- **What the task requires**
Nothing outside the lines below from the one containing "A stylish couple" through the one containing "An illustration depicts" is to be printed; print those exactly, ends included, and drop the pictures.

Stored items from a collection
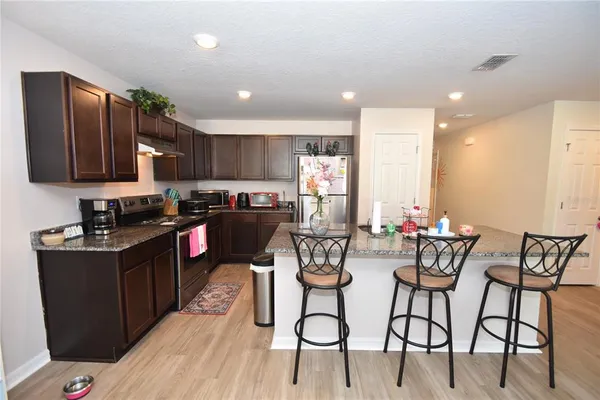 a kitchen with stainless steel appliances kitchen island granite countertop a sink and cabinets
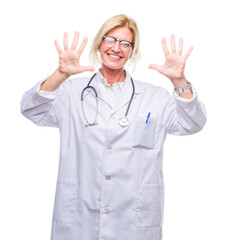 Middle age blonde doctor woman over isolated background showing and pointing up with fingers number ten while smiling confident and happy.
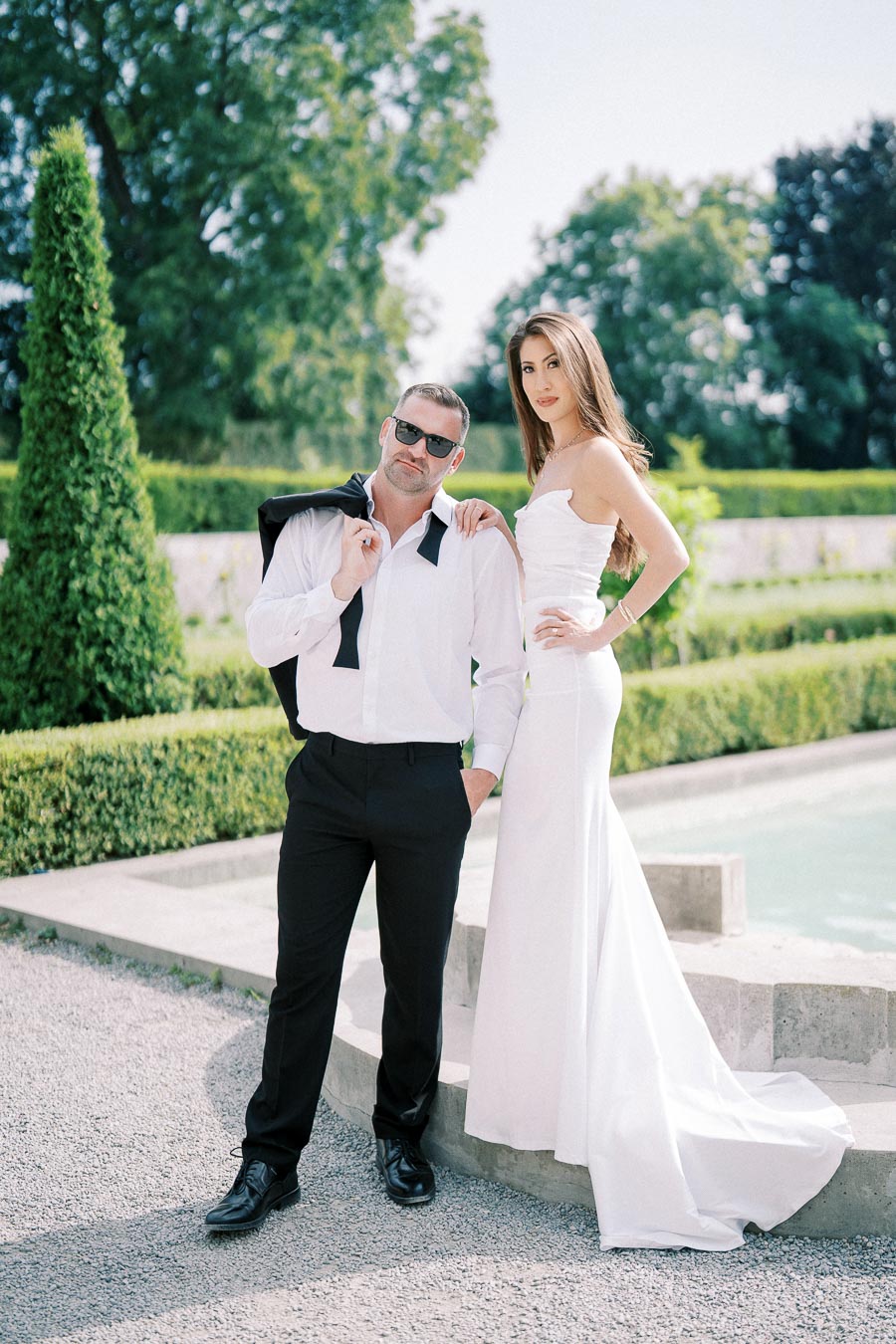 A stylish couple poses outdoors on a bright day. The man is wearing sunglasses, a white shirt, and black pants, holding his jacket over his shoulder. The woman is in an elegant white dress, standing beside a fountain, surrounded by lush greenery.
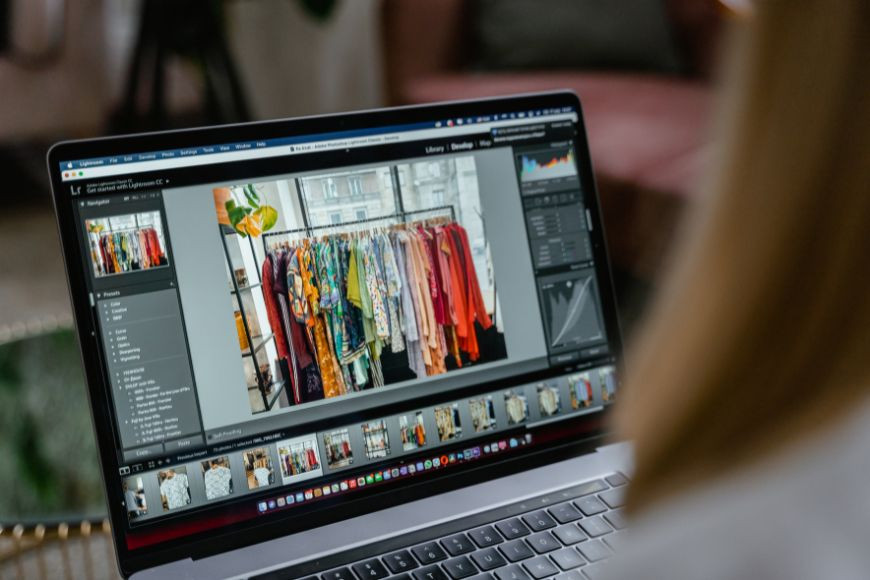 A woman looking at a laptop screen, focusing on the details of an image, representing the close examination needed to detect photo manipulation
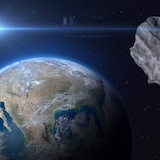 An illustration depicts an asteroid near Earth. Asteroid 2024 MK will pass roughly 290,000 km from our planet on Saturday. 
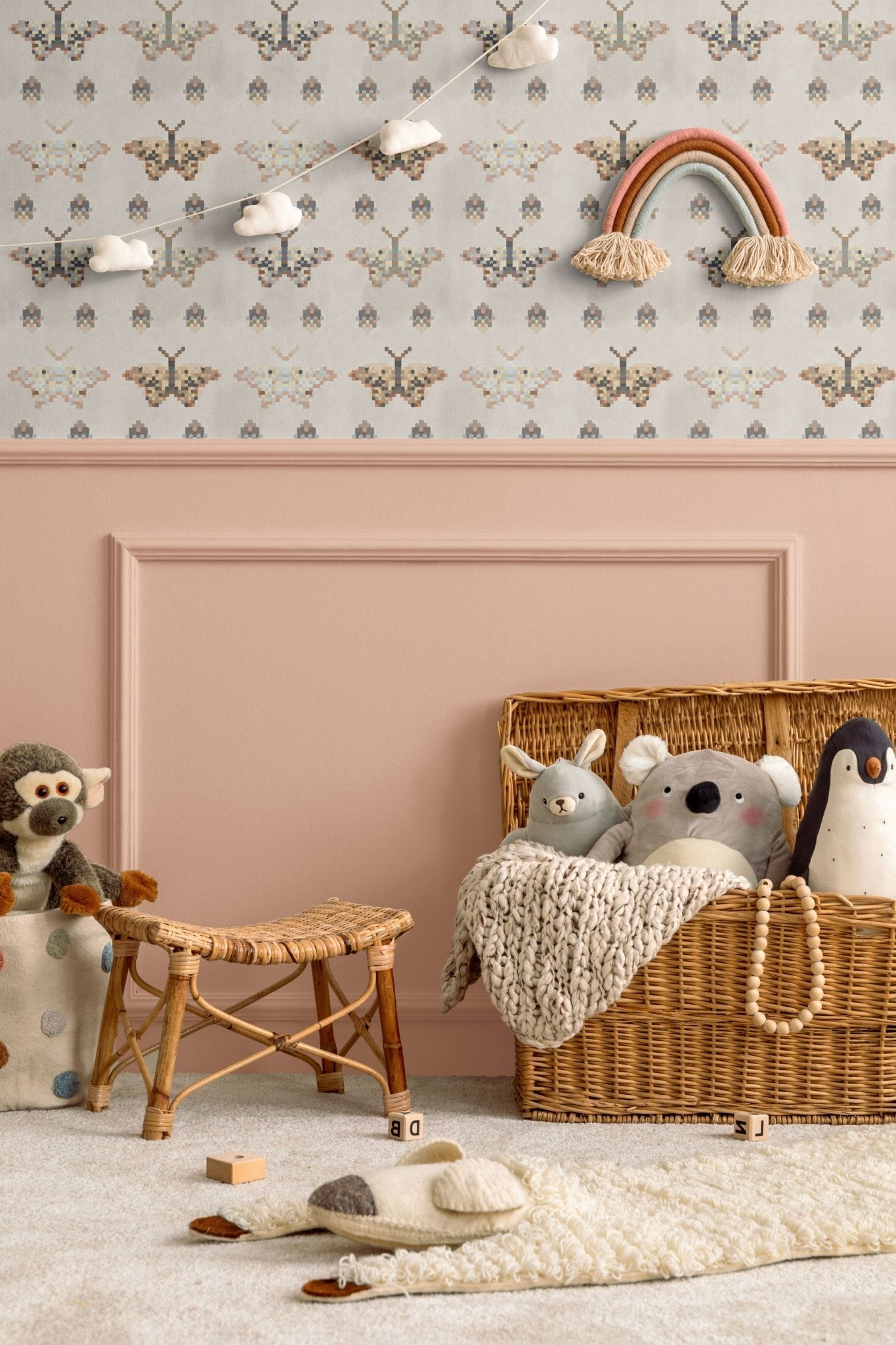 Cozy children's room with mosaic butterfly wallpaper in pastel and earthy tones. The room features a wicker toy basket with plush animals, a rattan stool, and a pink wall with a rainbow decoration and cloud garland, creating a warm, playful space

- **Written reply**
 A stylish couple poses outdoors on a bright day. The man is wearing sunglasses, a white shirt, and black pants, holding his jacket over his shoulder. The woman is in an elegant white dress, standing beside a fountain, surrounded by lush greenery.
 A woman looking at a laptop screen, focusing on the details of an image, representing the close examination needed to detect photo manipulation
 An illustration depicts an asteroid near Earth. Asteroid 2024 MK will pass roughly 290,000 km from our planet on Saturday. 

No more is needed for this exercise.